Type I and Type II Errors in A/B Testing and How to Avoid Them
A/B testing involves randomly splitting incoming traffic on your website between multiple variations of a particular webpage to gauge which one positively impacts your critical metrics. That’s fairly straightforward, right? Well, not so much. While A/B testing might sound simple, the science and math behind how it is actually conducted and how results are computed can get quite tricky.
Statistics is the cornerstone of A/B testing, and statistics are based on calculating probabilities. Therefore, you can never be 100% sure of the accuracy of the results you receive or reduce risk to 0%. Instead, you can only increase the possibility of the test result being true. But as test owners, you should not need to bother about this, your tool should take care of this.

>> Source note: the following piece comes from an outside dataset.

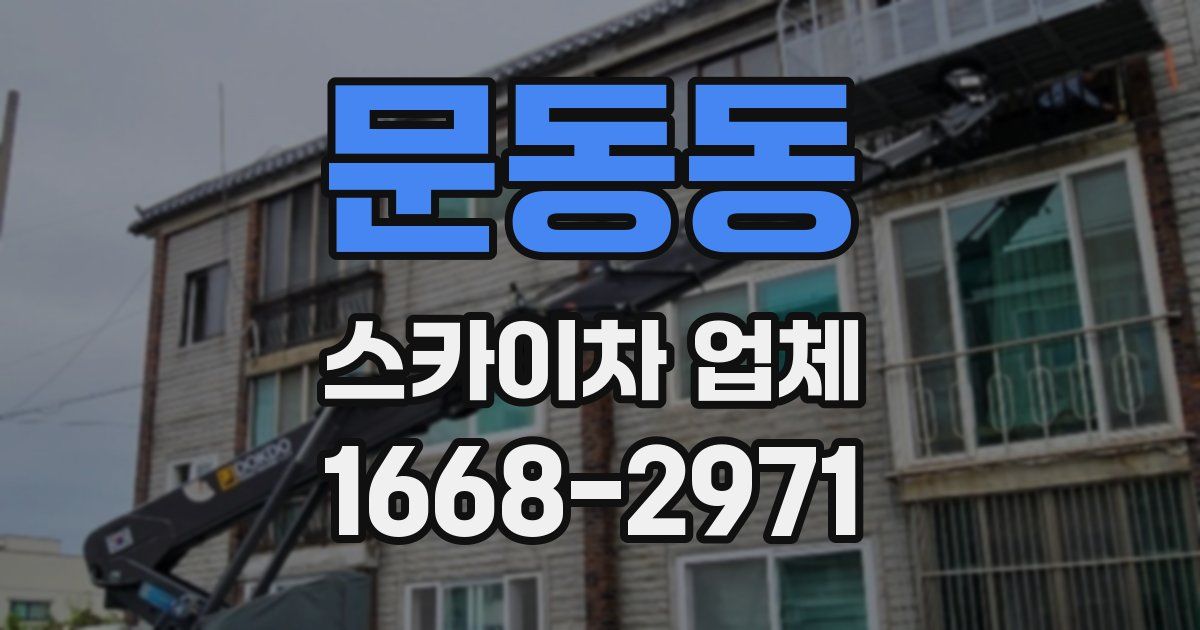 문동동 스카이차 업체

Even after following all the essential steps, your test result reports can be skewed by some errors that unknowingly creep into the process. Popularly known as Type I and Type II errors, these essentially lead to an incorrect conclusion of tests and/or erroneous declaration of winner and loser. This causes misinterpretation of test result reports, which ultimately misleads your entire optimization program and could cost you conversions and even revenue.
Let’s take a closer look at what exactly do we mean by Type I and Type II errors, their consequences, and how you can avoid them.

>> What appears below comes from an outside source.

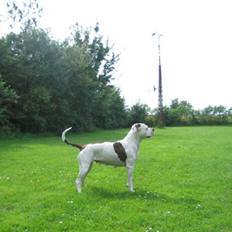 Amerikansk bulldog Fie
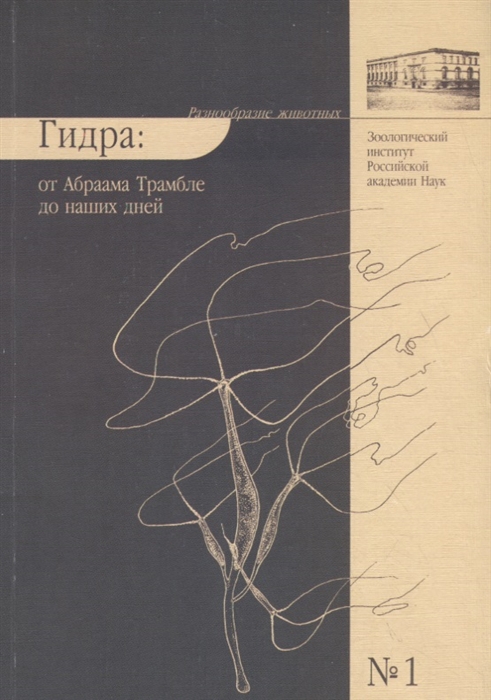 Кракен без тор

What are some of the errors that creep into your A/B test results?
Type I errors
Also known as Alpha (α) errors or false positives, in the case of Type I error, your test seems to be succeeding, and your variation seems to be causing an impact (better or worse) on the goals defined for the test. However, the uplift or drop is, in fact, only temporary and is not going to last once you deploy the winning version universally and measure its impact over a significant period of time. This happens when you conclude your test before reaching statistical significance or the pre-decided criteria and rush into rejecting your null hypothesis and accepting the winning variation. The null hypothesis states that the said change is going to have no impact on the given metric/goal. And in the case of Type I errors, the null hypothesis is true but rejected because of the untimely conclusion of tests or miscalculation of the criteria for the conclusion.

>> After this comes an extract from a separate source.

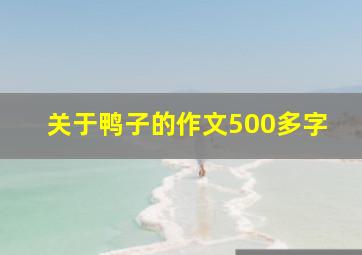 关于鸭子的作文500多字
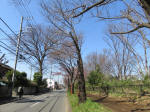 9447_976s200318.jpg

The probability of making a Type I error is denoted by ‘α’. Type I error is correlated to the level of confidence that you decide to conclude your test at. This means that if you decide to conclude your test at a 95% confidence level, you are accepting that there is a 5% probability that your test result is wrong. Similarly, if that confidence level is 99%, the probability of the test result being wrong is 1%. You could call it sheer bad luck, but if you run into an α error even after concluding your test at a 95% confidence level, it means that an event with merely 5% probability has occurred.
Let’s assume that you devise a hypothesis that shifting your landing page CTA to above the fold will lead to an increase in the number of sign-ups. The null hypothesis here is that there would be no impact of changing the placement of the CTA on the number of sign-ups received. Once the test commences, you are tempted to peek into the results and notice a whopping 45% uplift in sign-ups generated by the variation within a week. You are convinced that the variation is considerably better and end up concluding the test, rejecting the null hypothesis, and deploying the variation universally – only to notice that it no longer has a similar impact but instead has no impact at all. This simply means that your test result report has been skewed by the Type I error.
How to avoid type I errors
While you cannot completely do away with the possibility of running into a Type I error, you can certainly reduce it. For that, make sure you conclude your tests only once they’ve reached a high enough confidence level. A 95% confidence level is considered to be ideal, and that is what you must aim for. Even after reaching a 95% confidence level, your test results might be altered by the Type I error (as we discussed above). Therefore, you also need to ensure that you run your tests for long enough, so that a good sample size has been tested upon, thereby increasing the credibility of your test results.
VWO’s A/B testing duration calculator can be used to determine the ideal period for which you must run a particular test. Similarly, you can also calculate your A/B testing sample size to ensure you conclude tests only when you have the minimum chance of ending up with adulterated results.
VWO’s Bayesian model powered statistics engine, SmartStats also helps you reduce the probability of encountering a Type 1 error. Read more about it here.
Type II errors
Also known as Beta (β) errors or false negatives, in the case of Type II errors, a particular test seems to be inconclusive or unsuccessful, with the null hypothesis appearing to be true. In reality, the variation has actually led to an impact on the desired goal, but the results fail to show so, and the evidence is in favor of the null hypothesis. You, therefore, end up (incorrectly) accepting the null hypothesis and rejecting your hypothesis and variation.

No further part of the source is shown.